[[ Data provided, beginning ]]
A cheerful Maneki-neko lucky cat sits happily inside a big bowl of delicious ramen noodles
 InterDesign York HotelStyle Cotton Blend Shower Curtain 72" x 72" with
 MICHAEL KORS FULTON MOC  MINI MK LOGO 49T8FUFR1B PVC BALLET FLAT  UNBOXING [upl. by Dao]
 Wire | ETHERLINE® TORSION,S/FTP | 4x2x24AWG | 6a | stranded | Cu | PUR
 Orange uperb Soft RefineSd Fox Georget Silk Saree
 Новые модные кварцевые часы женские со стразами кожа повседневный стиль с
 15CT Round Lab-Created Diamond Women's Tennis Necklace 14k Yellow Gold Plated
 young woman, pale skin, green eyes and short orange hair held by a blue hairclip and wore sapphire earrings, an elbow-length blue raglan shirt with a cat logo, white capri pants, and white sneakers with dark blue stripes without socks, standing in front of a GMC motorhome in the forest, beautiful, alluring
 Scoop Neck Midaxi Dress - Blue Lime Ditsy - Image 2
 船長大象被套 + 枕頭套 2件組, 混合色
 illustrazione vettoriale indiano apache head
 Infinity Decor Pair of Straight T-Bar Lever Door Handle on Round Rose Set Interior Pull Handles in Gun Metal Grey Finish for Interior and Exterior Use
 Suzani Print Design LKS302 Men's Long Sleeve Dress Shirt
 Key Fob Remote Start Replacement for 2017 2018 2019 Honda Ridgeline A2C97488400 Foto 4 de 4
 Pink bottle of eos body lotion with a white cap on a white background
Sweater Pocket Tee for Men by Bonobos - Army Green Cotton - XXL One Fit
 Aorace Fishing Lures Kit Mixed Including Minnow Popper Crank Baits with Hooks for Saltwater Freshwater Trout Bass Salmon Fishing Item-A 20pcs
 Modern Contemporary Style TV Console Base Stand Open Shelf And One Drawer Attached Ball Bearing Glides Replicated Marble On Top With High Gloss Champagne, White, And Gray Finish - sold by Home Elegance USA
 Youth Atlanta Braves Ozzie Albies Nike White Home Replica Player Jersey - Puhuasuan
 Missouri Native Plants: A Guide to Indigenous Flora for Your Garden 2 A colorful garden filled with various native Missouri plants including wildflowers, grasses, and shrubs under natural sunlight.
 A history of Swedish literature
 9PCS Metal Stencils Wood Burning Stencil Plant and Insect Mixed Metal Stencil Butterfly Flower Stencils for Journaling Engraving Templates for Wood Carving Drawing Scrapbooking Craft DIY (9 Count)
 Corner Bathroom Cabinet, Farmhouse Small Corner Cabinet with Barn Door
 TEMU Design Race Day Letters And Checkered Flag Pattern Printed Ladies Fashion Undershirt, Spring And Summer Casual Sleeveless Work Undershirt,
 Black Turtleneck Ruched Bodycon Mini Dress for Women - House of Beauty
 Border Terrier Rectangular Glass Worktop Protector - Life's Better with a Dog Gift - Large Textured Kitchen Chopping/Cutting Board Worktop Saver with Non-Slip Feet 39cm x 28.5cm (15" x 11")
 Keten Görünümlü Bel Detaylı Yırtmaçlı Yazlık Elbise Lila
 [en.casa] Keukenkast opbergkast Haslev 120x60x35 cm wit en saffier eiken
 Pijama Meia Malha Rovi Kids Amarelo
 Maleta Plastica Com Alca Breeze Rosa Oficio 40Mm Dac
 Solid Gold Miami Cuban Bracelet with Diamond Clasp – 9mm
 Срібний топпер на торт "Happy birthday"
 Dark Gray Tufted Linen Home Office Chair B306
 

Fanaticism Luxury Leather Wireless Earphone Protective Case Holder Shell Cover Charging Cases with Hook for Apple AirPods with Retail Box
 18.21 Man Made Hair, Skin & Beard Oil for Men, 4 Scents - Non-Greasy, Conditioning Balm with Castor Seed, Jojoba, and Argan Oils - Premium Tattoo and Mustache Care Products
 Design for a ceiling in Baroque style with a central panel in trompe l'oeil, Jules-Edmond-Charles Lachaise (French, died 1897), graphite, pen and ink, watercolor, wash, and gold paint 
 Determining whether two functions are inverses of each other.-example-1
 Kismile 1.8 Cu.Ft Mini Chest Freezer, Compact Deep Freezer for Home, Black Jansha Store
[[ Data provided, end ]]
Only the lines above starting at the line that holds "young woman, pale" and ending at the line that holds "Aorace Fishing Lures" are to be repeated, exactly and in full.

 young woman, pale skin, green eyes and short orange hair held by a blue hairclip and wore sapphire earrings, an elbow-length blue raglan shirt with a cat logo, white capri pants, and white sneakers with dark blue stripes without socks, standing in front of a GMC motorhome in the forest, beautiful, alluring
 Scoop Neck Midaxi Dress - Blue Lime Ditsy - Image 2
 船長大象被套 + 枕頭套 2件組, 混合色
 illustrazione vettoriale indiano apache head
 Infinity Decor Pair of Straight T-Bar Lever Door Handle on Round Rose Set Interior Pull Handles in Gun Metal Grey Finish for Interior and Exterior Use
 Suzani Print Design LKS302 Men's Long Sleeve Dress Shirt
 Key Fob Remote Start Replacement for 2017 2018 2019 Honda Ridgeline A2C97488400 Foto 4 de 4
 Pink bottle of eos body lotion with a white cap on a white background
Sweater Pocket Tee for Men by Bonobos - Army Green Cotton - XXL One Fit
 Aorace Fishing Lures Kit Mixed Including Minnow Popper Crank Baits with Hooks for Saltwater Freshwater Trout Bass Salmon Fishing Item-A 20pcs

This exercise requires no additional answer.